MATERIAL SHOWN
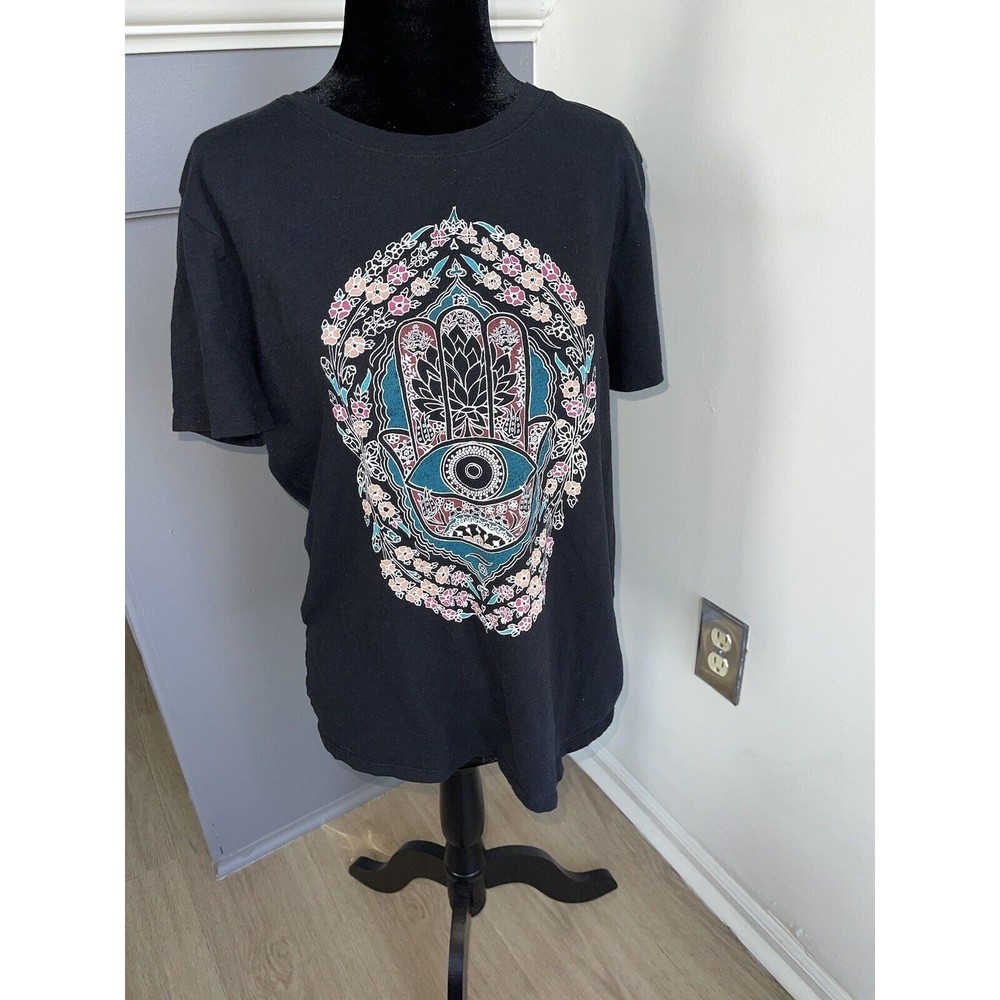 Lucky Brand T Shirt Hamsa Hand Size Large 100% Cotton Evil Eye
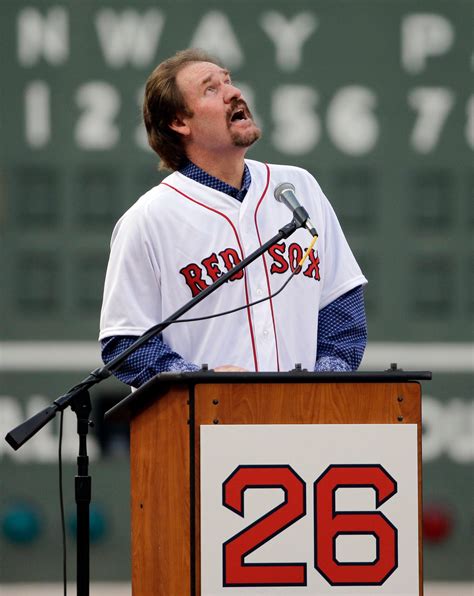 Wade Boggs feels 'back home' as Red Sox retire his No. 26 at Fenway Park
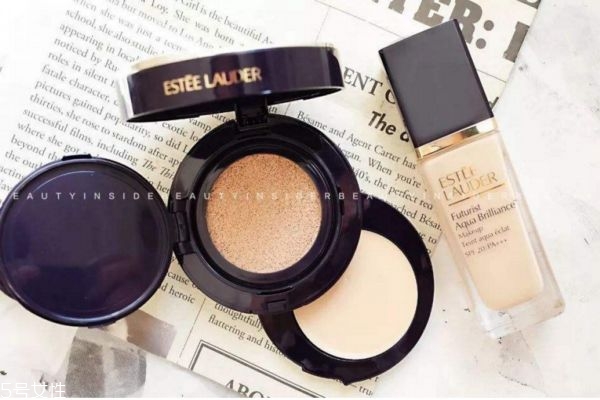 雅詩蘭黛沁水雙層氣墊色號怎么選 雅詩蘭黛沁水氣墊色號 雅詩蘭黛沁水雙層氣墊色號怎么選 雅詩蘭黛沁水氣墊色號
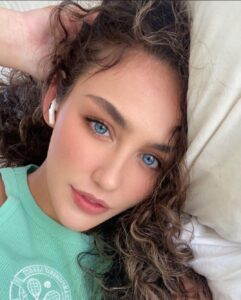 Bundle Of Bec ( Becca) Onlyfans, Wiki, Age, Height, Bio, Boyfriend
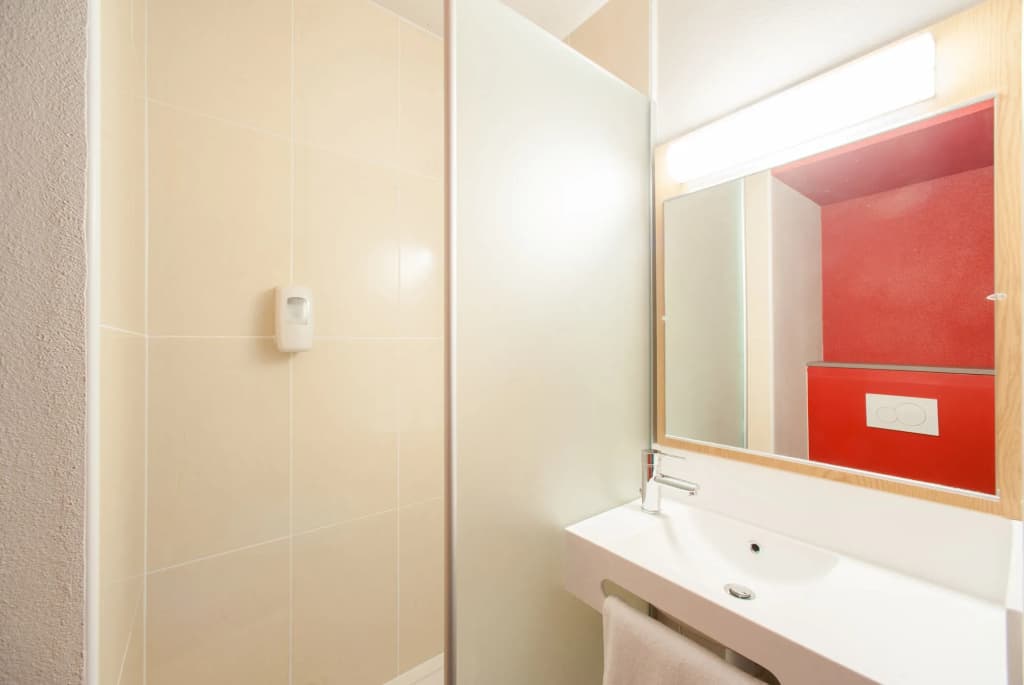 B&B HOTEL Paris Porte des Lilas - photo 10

--

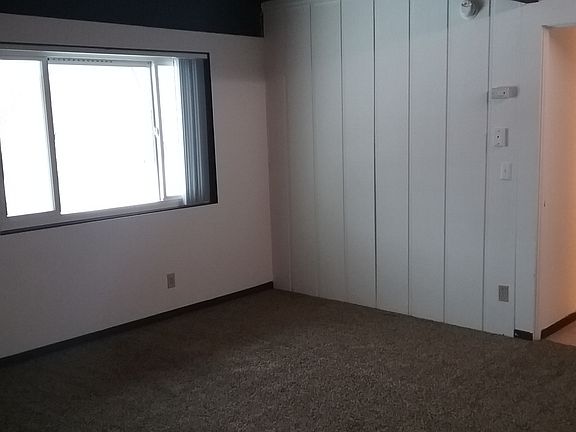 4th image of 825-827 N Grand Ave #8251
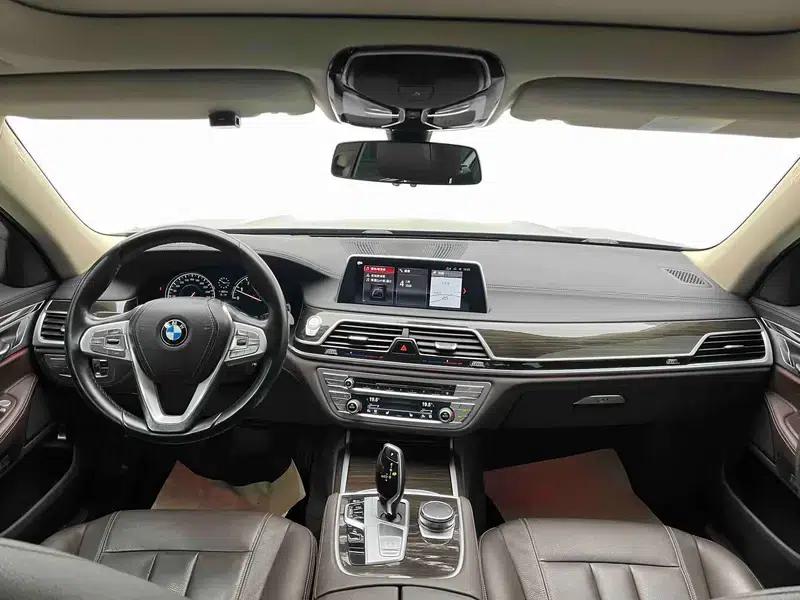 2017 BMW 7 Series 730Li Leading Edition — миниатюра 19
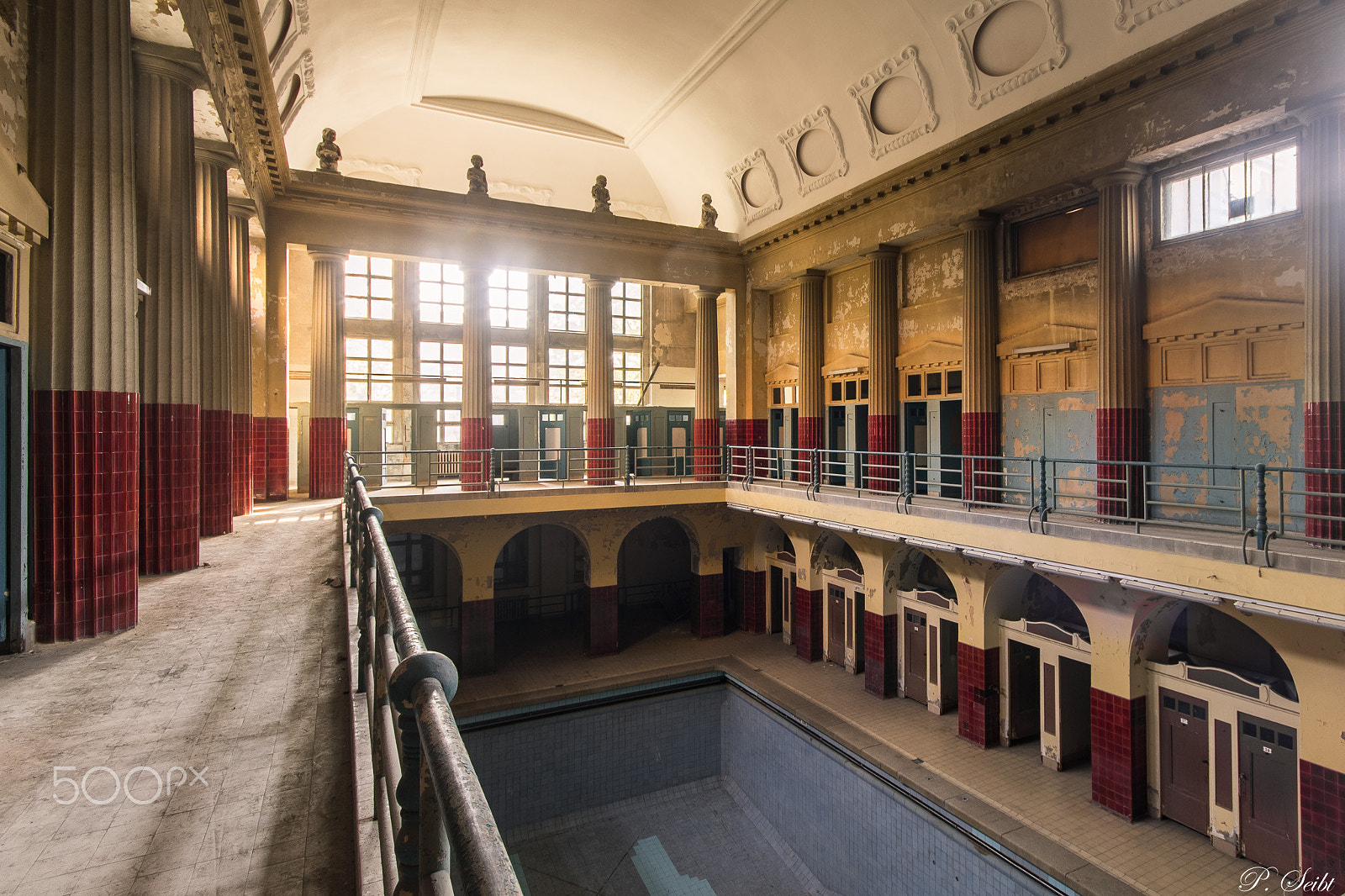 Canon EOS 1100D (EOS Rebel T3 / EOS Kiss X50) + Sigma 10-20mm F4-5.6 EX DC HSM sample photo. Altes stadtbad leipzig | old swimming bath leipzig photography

...

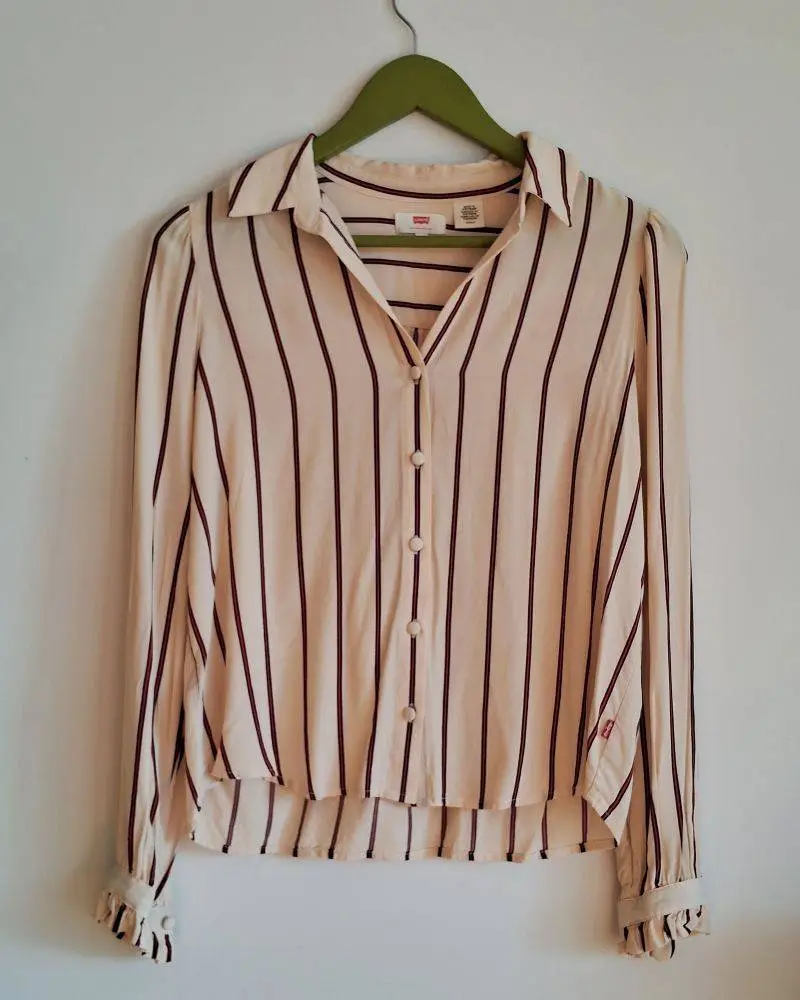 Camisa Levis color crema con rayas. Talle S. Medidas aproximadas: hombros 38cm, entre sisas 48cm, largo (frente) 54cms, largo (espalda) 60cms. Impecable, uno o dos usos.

PROBLEM DESCRIPTION
Look through the material above. Transcribe exactly the lines between the ones with "4th image of 825-827 N Grand Ave #8251" and "Canon EOS 1100D", inclusive, and keep pictures out.

RESULT BELOW
 4th image of 825-827 N Grand Ave #8251
 2017 BMW 7 Series 730Li Leading Edition — миниатюра 19
 Canon EOS 1100D (EOS Rebel T3 / EOS Kiss X50) + Sigma 10-20mm F4-5.6 EX DC HSM sample photo. Altes stadtbad leipzig | old swimming bath leipzig photography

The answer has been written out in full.